Short text fragments from websites
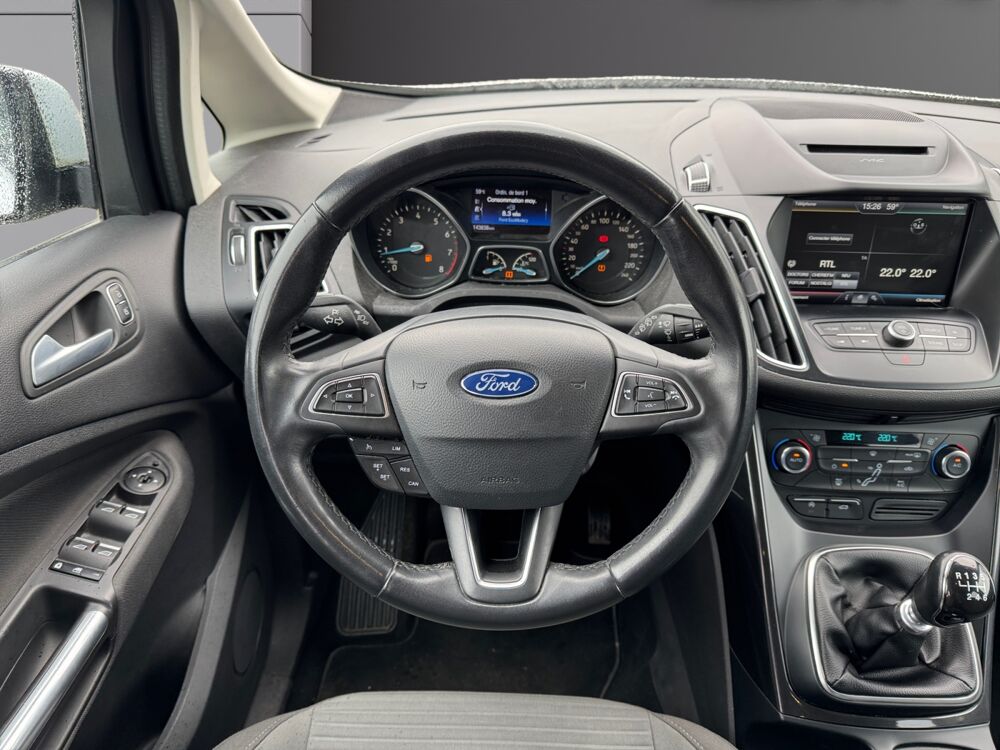 C-max Ford C-MAX II 1.0 EcoBoost 125ch Stop&Start Titanium 2015 occasion 45750 Saint-Pryv&eacute;-Saint-Mesmin
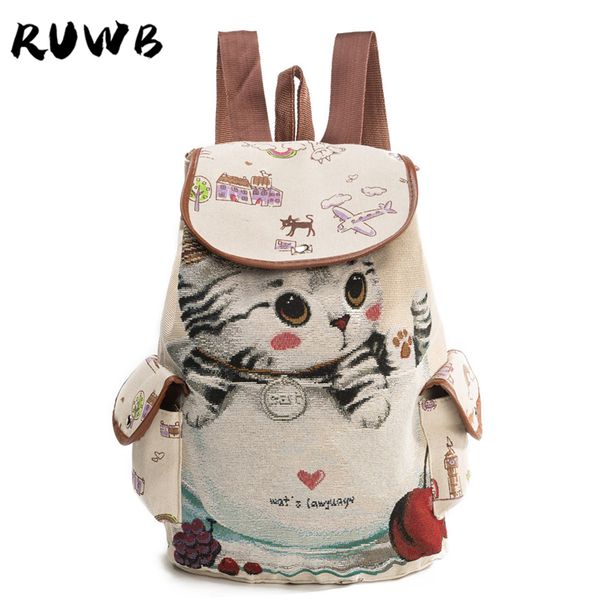 cute cartoon cat backpack girl boy kindergarten casual daypack kids lightweight primary school book bag snack bag toy backpacks
cute cartoon cat backpack girl boy kindergarten casual daypack kids lightweight primary school book bag snack bag toy backpacks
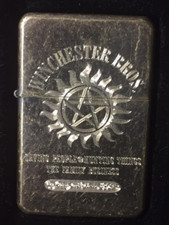 Supernatural WINCHESTER Bros. LIGHTER *FREE ENGRAVING* brass Sam & Dean Lighter price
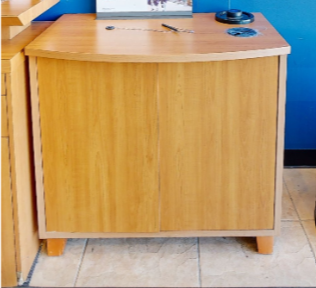 2 door coffee cabinet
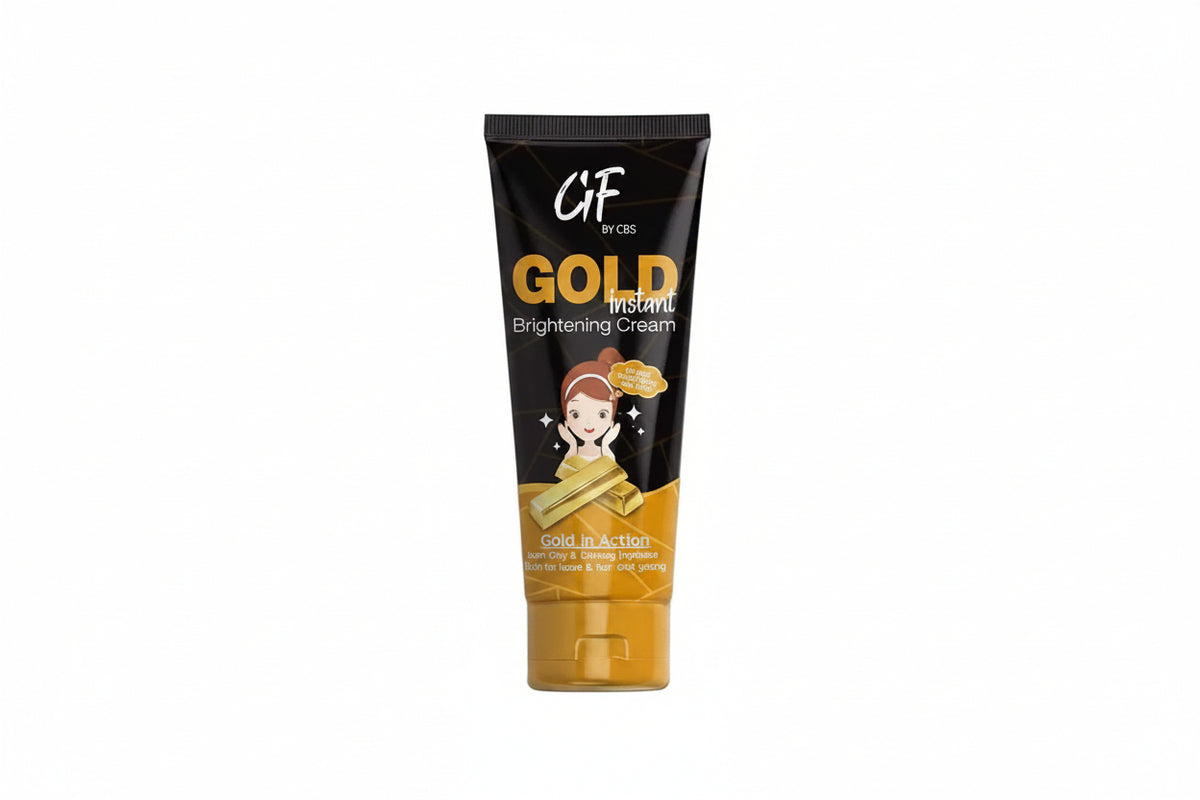 GLAMOROUS GOLD BRIGHTENING CREAM 120G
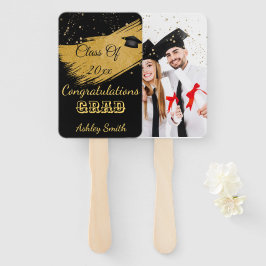 eleganter Abschluss Hand Fan Fächer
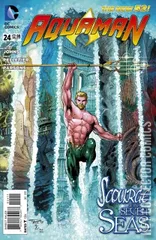 Cover for Aquaman #24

## [TASK PROMPT]
Hand back the data above exactly, with no images.

## [EXERCISE OUTPUT]
 C-max Ford C-MAX II 1.0 EcoBoost 125ch Stop&Start Titanium 2015 occasion 45750 Saint-Pryv&eacute;-Saint-Mesmin
 cute cartoon cat backpack girl boy kindergarten casual daypack kids lightweight primary school book bag snack bag toy backpacks
cute cartoon cat backpack girl boy kindergarten casual daypack kids lightweight primary school book bag snack bag toy backpacks
 Supernatural WINCHESTER Bros. LIGHTER *FREE ENGRAVING* brass Sam & Dean Lighter price
 2 door coffee cabinet
 GLAMOROUS GOLD BRIGHTENING CREAM 120G
 eleganter Abschluss Hand Fan Fächer
 Cover for Aquaman #24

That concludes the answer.